Scientists from the Johns Hopkins Kimmel Cancer Center have created a statistical model that measures the proportion of cancer incidence, across many tissue types, caused mainly by random mutations that occur when stem cells divide. By their measure, two-thirds of adult cancer incidence across tissues can be explained primarily by “bad luck,” when these random mutations occur in genes that can drive cancer growth, while the remaining third are due to environmental factors and inherited genes.
In a report on the statistical findings, published recently in Science, researchers say they came to their conclusions by searching the scientific literature for information on the cumulative total number of divisions of stem cells among 31 tissue types during an average individual's lifetime. Stem cells “self-renew,” thus repopulating cells that die off in a specific organ.
It has been well known that cancer arises when tissue-specific stem cells make random mutations; one chemical letter in DNA is incorrectly swapped for another during the replication process in cell division.
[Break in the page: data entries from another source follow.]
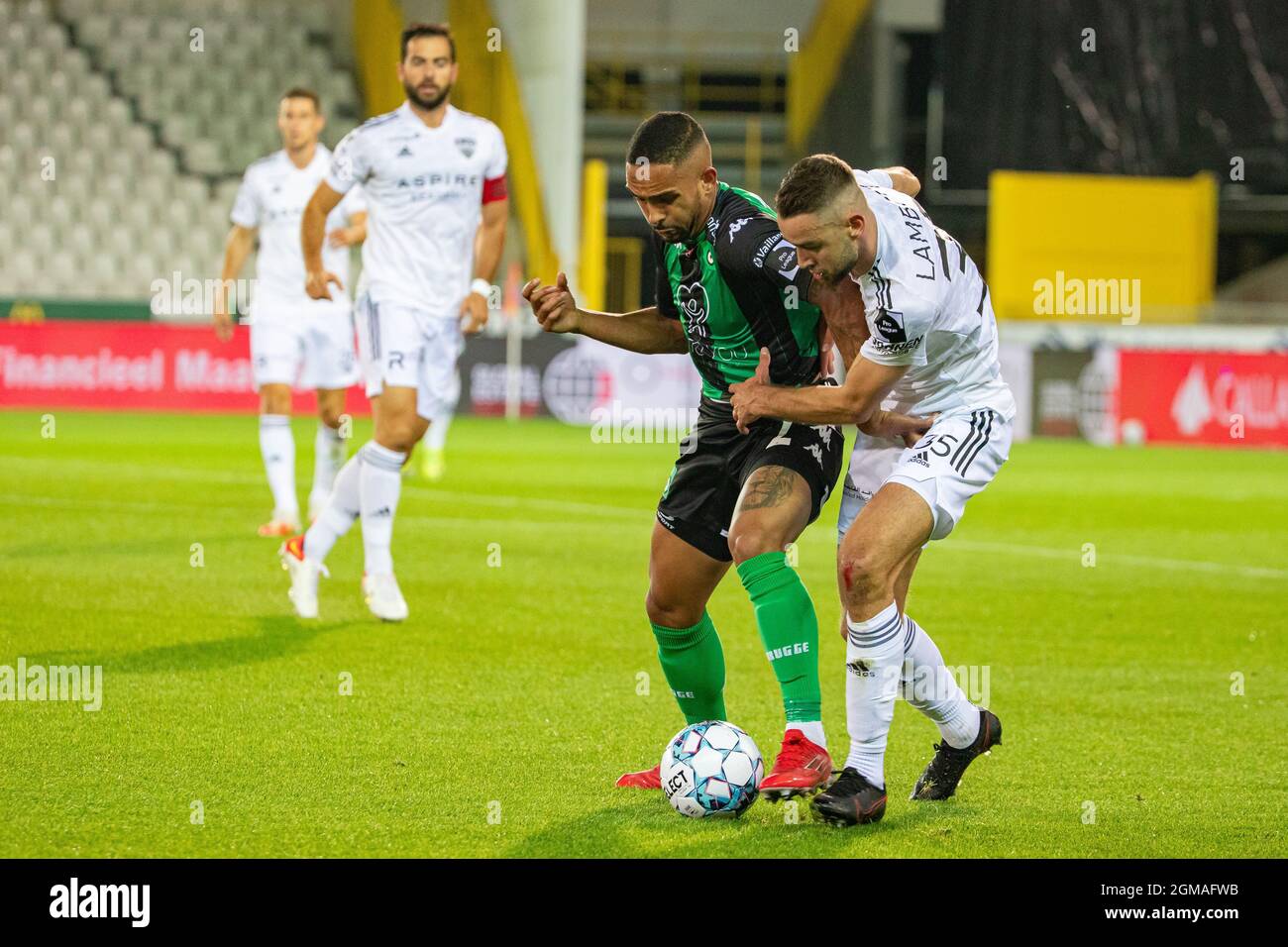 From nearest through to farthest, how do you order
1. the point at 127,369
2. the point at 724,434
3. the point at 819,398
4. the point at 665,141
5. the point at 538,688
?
the point at 819,398 → the point at 665,141 → the point at 724,434 → the point at 538,688 → the point at 127,369

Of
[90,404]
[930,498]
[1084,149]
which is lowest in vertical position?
[90,404]

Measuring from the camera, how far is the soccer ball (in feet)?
15.5

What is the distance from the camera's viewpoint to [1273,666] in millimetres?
7527

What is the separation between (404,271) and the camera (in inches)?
317

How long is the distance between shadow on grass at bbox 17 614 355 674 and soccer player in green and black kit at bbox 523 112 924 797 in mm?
2322

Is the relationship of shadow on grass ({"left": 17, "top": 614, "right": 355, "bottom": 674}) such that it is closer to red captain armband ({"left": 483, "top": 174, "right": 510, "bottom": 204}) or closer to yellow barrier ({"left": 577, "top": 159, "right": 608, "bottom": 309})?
red captain armband ({"left": 483, "top": 174, "right": 510, "bottom": 204})

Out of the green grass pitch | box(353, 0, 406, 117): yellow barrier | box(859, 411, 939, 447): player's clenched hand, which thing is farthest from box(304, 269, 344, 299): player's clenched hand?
box(353, 0, 406, 117): yellow barrier

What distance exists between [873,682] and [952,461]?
0.66 m

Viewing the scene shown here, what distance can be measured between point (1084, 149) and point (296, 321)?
20549mm

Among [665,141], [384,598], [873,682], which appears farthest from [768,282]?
[384,598]

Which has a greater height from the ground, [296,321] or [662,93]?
[662,93]

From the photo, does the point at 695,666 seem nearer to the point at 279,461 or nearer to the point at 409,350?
the point at 409,350

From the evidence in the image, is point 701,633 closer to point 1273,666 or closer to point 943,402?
point 943,402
The more these mutations accumulate, the higher the risk that cells will grow unchecked, a hallmark of cancer. The actual contribution of these random mistakes to cancer incidence, in comparison to the contribution of hereditary or environmental factors, was not previously known.
To sort out the role of such random mutations in cancer risk, the scientists charted the number of stem cell divisions in 31 tissues and compared these rates with the lifetime risks of cancer in the same tissues among Americans. From this so-called data scatterplot, they determined the correlation between the total number of stem cell divisions and cancer risk to be 0.804. Mathematically, the closer this value is to one, the more stem cell divisions and cancer risk are correlated.
Finally, the researchers classified the types of cancers they studied into two groups. They statistically calculated which cancer types had an incidence predicted by the number of stem cell divisions and which had higher incidence. They found that 22 cancer types could be largely explained by the “bad luck” factor of random DNA mutations during cell division. The other nine cancer types had incidences higher than predicted by “bad luck” and were presumably due to a combination of bad luck plus environmental or inherited factors.